Interestingly, both contemporary South Asia and contemporary Central Asia get divided between "West Eurasian" and "East Eurasian" clusters. All contemporary southern Central Asians (Tajiks, Pashtuns, the Kalasha, and the Kho) and contemporary northwestern South Asians/Upper Caste Indians (Kohistani, Gujar, Khatri, Sindhi, Brahmins, Kshatriya, etc) are bracketed under the "West Eurasian" cluster, while nearly all other contemporary populations in the two regions are bracketed under the "East Eurasian" cluster.

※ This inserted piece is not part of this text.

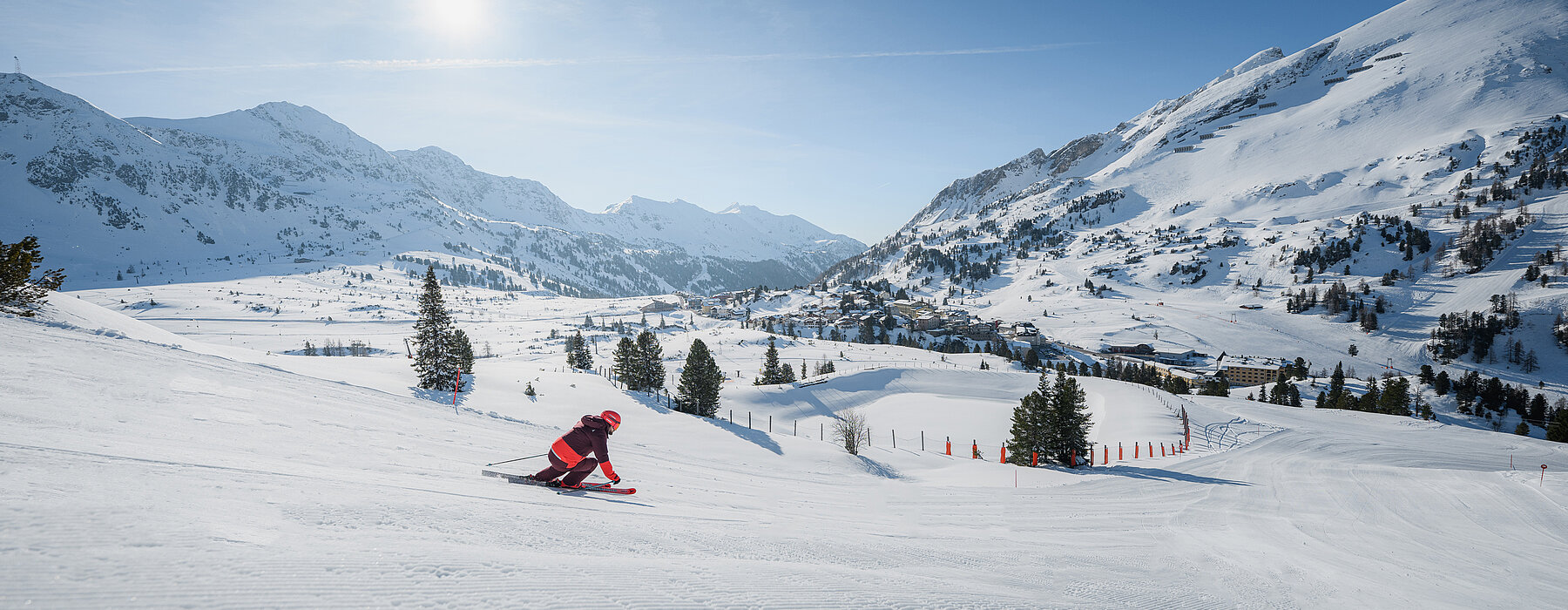 Obertauern in Austria - a person riding a snowboard down a snowy slope.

On a note of more parochial interest, when I try for 32 clusters I see the emergence of a Tajik cluster (all Tajikistanis, whether Pamiri, Yaghnobi, or Parsiwan, with the inclusion of Zafarshan_IA), a Balochistani cluster (Baloch, Brahui, and Makrani, with the inclusion of Iranian_Bandari, and one Sindhi), a Pashtun cluster (all Afghan Pashtuns and nearly all Pakistani Pashtuns. Although, a few of the Pakistani Pashtuns cluster instead with northwestern South Asians; included in the "Northwestern South Asian" cluster are 3 Yusufzai Pashtun, and 4 of the 10 samples used in David's Global_25 "Pashtun" average), a northwestern South Asian cluster (Kohistani, Gujar, Khatri, Sindhi, and a few Pakistani Pashtuns), a Burusho cluster, a Brahmin cluster, and much more. Very sensible stuff.

On the basis of these classifications, I'll produce new averages; we'll see if this has any effect on modelling.

Mike the Jedi said...

Nice, I look forward to this series. I'd especially like to know how to get PAST to churn out a West Eurasia PCA that looks similar to Dave's typical arrangement (with the Euro-Siberia HG cline on the left, West Asia on the right, Old Mediterranean/Neolithic cline along the bottom, etc.). I've fiddled with everything I can think of and can't get mine to look like that to save my life.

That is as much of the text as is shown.